Kendati demikian, telur rebus adalah pilihan olahan dengan kalori paling rendah. Mengutip NDTV Food, tanpa tambahan minyak atau bumbu, satu butir telur rebus ukuran besar hanya mengandung sekitar 74 kalori. Kandungan proteinnya berkisar 6-6,3 gram, lengkap dengan asam amino esensial.

Penelitian dalam Journal of the American College of Nutrition menyebutkan bahwa sarapan telur membuat seseorang merasa lebih kenyang sehingga mengonsumsi lebih sedikit kalori sepanjang hari. Hal ini menjadikan telur rebus sebagai opsi yang dapat diandalkan untuk diet.

Bisakah omelet dikonsumsi untuk menurunkan berat badan?

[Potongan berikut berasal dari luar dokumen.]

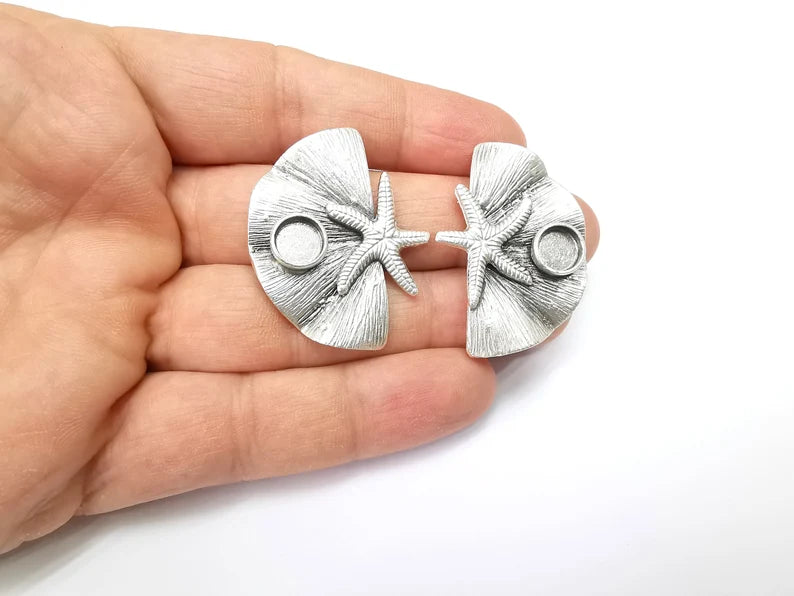 Starfish Earring Base, Earring Blank, Ear Settings Bezel, Resin Blank, Cabochon Mountings, Antique Silver Plated Brass (8mm blanks) G35446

Omelet memiliki kalori yang cenderung lebih tinggi karena adanya bahan tambahan, namun menawarkan variasi rasa yang lebih beragam.

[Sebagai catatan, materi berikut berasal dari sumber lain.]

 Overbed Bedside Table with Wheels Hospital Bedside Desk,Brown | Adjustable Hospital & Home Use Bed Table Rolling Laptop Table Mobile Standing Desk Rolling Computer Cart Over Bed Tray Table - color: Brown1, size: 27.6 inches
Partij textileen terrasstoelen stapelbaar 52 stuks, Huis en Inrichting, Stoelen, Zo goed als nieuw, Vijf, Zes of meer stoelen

Meskipun kadar proteinnya tetap sama, profil nutrisi keseluruhannya bergantung pada bahan campuran yang dipilih. Anda tetap dapat menurunkan berat badan dengan omelet melalui cara-cara tertentu.

Pertama, gunakan minyak seminimal mungkin karena satu sendok teh minyak menambah ekstra 40 kalori. Kedua, tambahkan sayuran seperti bayam atau jamur untuk meningkatkan serat dan volume makanan tanpa menambah banyak kalori.

Kombinasi ini membantu menstabilkan gula darah dan mengurangi keinginan untuk camilan.

Telur rebus atau omelet, mana yang lebih baik? Dari sisi kalori, telur rebus lebih unggul karena rendah lemak dan porsinya mudah diprediksi. Di sisi lain, omelet dengan campuran sayuran sehat bisa lebih mengenyangkan dan efektif mengurangi rasa lapar.

Kesimpulannya, baik telur rebus maupun omelet dapat menjadi bagian dari diet sehat untuk menurunkan berat badan, tergantung pada cara pengolahan dan bahan tambahan yang digunakan.

Dari segi protein, keduanya tetap mengandung sekitar 6 gram protein tanpa ada perubahan akibat perbedaan metode masak.